In our experimental network, Xavier initialization performs pretty identical to the home-grown method that we derived earlier, where we sampled values from a random normal distribution and scaled by the square root of number of incoming network connections, n.

## Kaiming Initialization


When using activation functions that are symmetric about zero and have outputs inside [-1,1], such as softsign and tanh:

we’d want the activation outputs of each layer to have a MEAN of 0 and a STD around 1, on average. 


This is precisely what our home-grown method and Xavier both enable.

But what if we’re using ReLU activation functions?

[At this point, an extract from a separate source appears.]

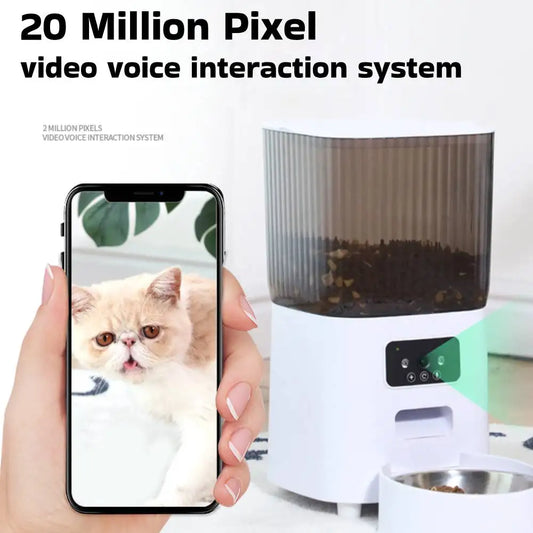 5L TuYa Smart WiFi APP Camera Automatic Pet Feeder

Would it still make sense to want to scale random initial weight values in the same way?

Let's use ReLu:


In [26]:
def relu(x):
  return x.clamp_min(0.)

In [27]:
mean, var= 0., 0.
y_sum, y_var = 0.0, 0.0

for i in range(10000):

    x = torch.randn(512)
    a = torch.randn(512, 512)
    y = relu(torch.matmul(a, x))

    mean += y.mean().item()
    var += y.pow(2).mean().item()
    y_sum += y.sum().item()

print('mean: ', mean/10000, 'std: ', math.sqrt(var/10000))


mean:  9.00831508398056 std:  15.981985173101688


In [28]:
math.sqrt(512/2)

16.0

when using a ReLU activation, a single layer will, on average have standard deviation that’s very close to the square root of the number of input connections, divided by the square root of two, or √512/√2 in our example.

In [29]:
mean, var= 0., 0.
y_sum, y_var = 0.0, 0.0

for i in range(10000):

    x = torch.randn(512)
    a = torch.randn(512, 512) * math.sqrt(2/512)
    y = relu(torch.matmul(a, x))

    mean += y.mean().item()
    var += y.pow(2).mean().item()
    y_sum += y.sum().item()

print('mean: ', mean/10000, 'std: ', math.sqrt(var/10000))


mean:  0.5641567468941212 std:  1.0005376670522719


Std is now close to 1. 

Why this is so important?

Keeping the standard deviation of layers’ activations around 1 will allow us to stack several more layers in a deep neural network without gradients exploding or vanishing.

In their 2015 paper, He et. al. demonstrated that deep networks (e.g. a 22-layer CNN) would converge much earlier if the following input weight initialization strategy is employed:

- Create a tensor with the dimensions appropriate for a weight matrix at a given layer, and populate it with numbers randomly chosen from a standard normal distribution.

- Multiply each randomly chosen number by √2/√n where n is the number of incoming connections coming into a given layer from the previous layer’s output (also known as the “fan-in”).

- Bias tensors are initialized to zero.

In [31]:
def kaiming(m,h):
  return torch.randn(m,h) * math.sqrt(2. / m)

In [32]:
x = torch.randn(512)
m = 512
h = 512

for i in range(100):  # 100 layer network
    a = kaiming(m,h)
    x = relu(torch.matmul(a, x))

print('mean: ', x.mean(), 'std: ', x.std())

mean:  tensor(0.1514) std:  tensor(0.2260)


What if we use xavier instead?

In [33]:
x = torch.randn(512)
m = 512
h = 512

for i in range(100):  # 100 layer network
    a = xavier(m,h)
    x = relu(torch.matmul(a, x))

print('mean: ', x.mean(), 'std: ', x.std())

mean:  tensor(4.8009e-16) std:  tensor(6.4892e-16)


Vanished!